No plot is going to get people over hearing what they want to hear.
-- Tarun Nagpal (email)
Unfortunately, cost is only a proxy measure for three other variables: scope, quality, and time. Every project board should be asked to rank these as objectives in order of priority before the project starts: this certainly focuses the mind.
1. We want this nuclear power facility to be built to the highest quality possible.
2. This bridge must cross from bank to bank: we will find the money to complete it if it is fifty yards short.
3. The accounting system must be in at the beginning of the financial year.
4. Refurbish as many of the offices as you can for $50,000.
This gets the board used to thinking in terms of all four of these unknowns being variables that that inter-relate and are each subject to reassessment as new facts are discovered. Paradoxically, in my experience the projects that have most rigid cost contraints are those that are most likely to overspend. Repeated insistence by a board that costs are non-negotiable leads to the team making covert compromises on quality, concealing scope reductions, and taking short cuts to get everything done. My classic example - mentioned elsewhere on this board - is the UK Scottish Parliament Building that had an initial estimate of ??10 million, reached a fixed cost, final answer, no negotiation, no more money, of fifty million and went on to come in at four-hundred and thirty.
-- Martin Ternouth (email)
Since probability is the language of uncertainty, if a receipient of the informaiton with a probability quantifier doesn't have the ability or will to accept and acknowledge a range estimate, then many times "stay with the opposite" of what they "want to hear." To manage those who latch on to a deterministic value (vs stochastic) they want to hear (as portrayed in your original question), this applies, i.e. "it could take up to 2 years, or more, and cost up to $15 Million or more." They can then only "hook onto" your higher number, which should allow you to manage their expectations better. You have received good advice from previous contributors...they hear what they want to hear...so manage it...and manage which areas need to optimized (max 2) and prioritized...scope, cost, time, quality.
-- Paul (email)
I believe that many estimates are developed under the duress of needing to win the contract. This pressure leads people to overlook or minimise their experience of what causes projects to overrun.

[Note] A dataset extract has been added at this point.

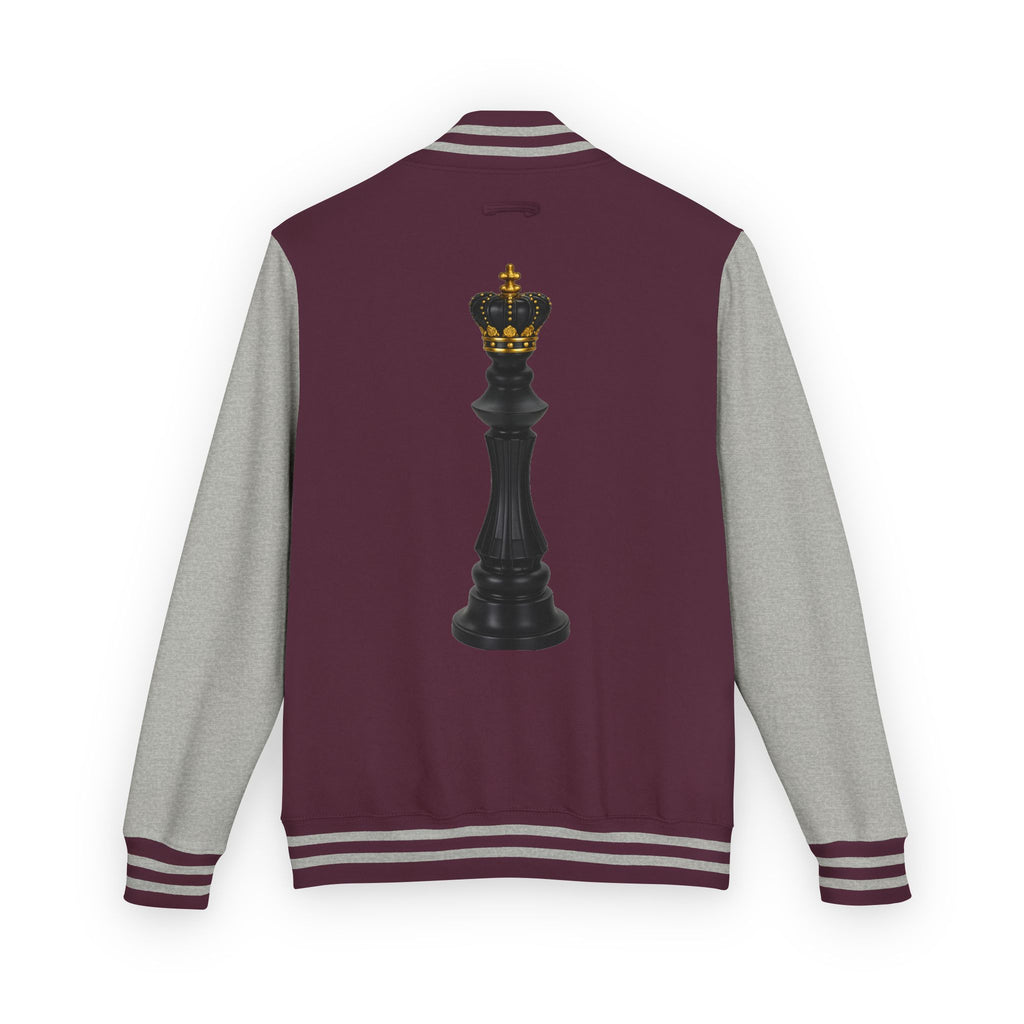 Gifted not Rented Logo Chest Crowned King Icon Letterman Jacket $95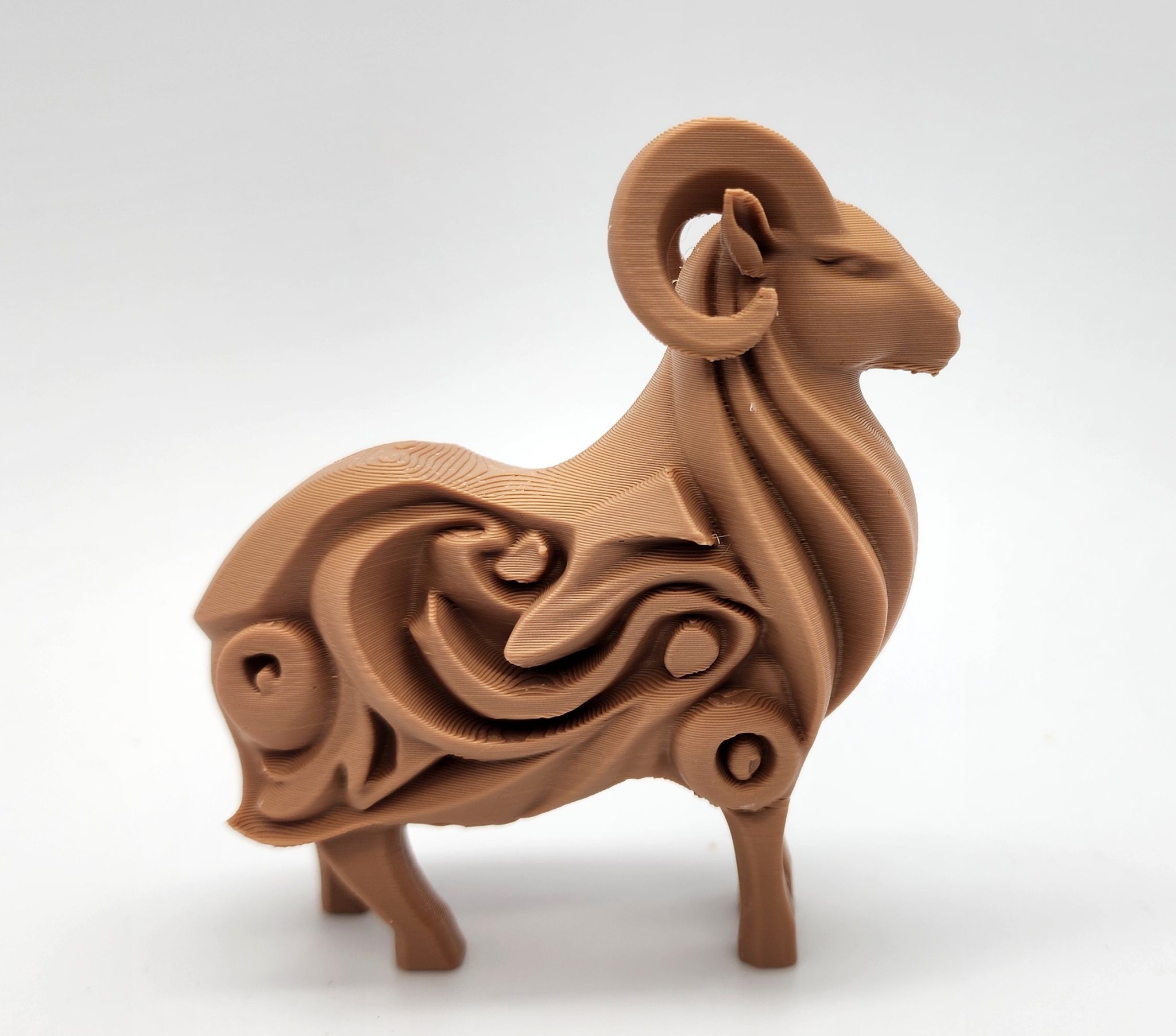 Tượng cừu khắc gỗ phong cách Viking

The focus, understandably, is on the core skills and deliverables (i.e. the reasons you have been asked to quote) rather than on pricing in the risks and dependencies. In addition, estimates are frequently developed without the participation of those people who will actually do the work, who may have a more realistic grasp of the true scope and tasks. I believe it is better to price on the basis of actual work to be done, including a contingency for unplanned events or interruptions, rather than on notional project phases and outputs or on a perceived view of the client's budget. The gap between what the client wants (scope) and the true cost of doing the work (delivery) is called negotiation.
-- Steve (email)
Case Study on roads...
National Audit Office Value for Money Report
Department for Transport: Estimating and monitoring the costs of building roads in England
From the conclusion:
"Robust estimating is a key factor in delivering value for money from road schemes but represents a difficult and challenging task given the timescale of major road projects and the number of potential variables, some of which are outside of the Agency's and local authorities' direct control such as Public Inquiry outcomes."
From a footnote:
"Estimates for 35 of the 36 completed Targeted Programme of Improvement Schemes were prepared before 2003 and included a ten per cent contingency for risk but excluded non recoverable value added tax and inflation. From this base line, the actual costs were 40 per cent higher than these initial estimates. Since 2003 the Agency's estimates have included both value added tax and inflation and in accordance with Treasury guidance issued in 2003 in "The Green Book", have also been increased by between 3 and 45 per cent to compensate for the tendency to underestimate costs (known as `optimism bias'). The original estimates have been adjusted retrospectively, giving the increase of six per cent rather than 40 per cent."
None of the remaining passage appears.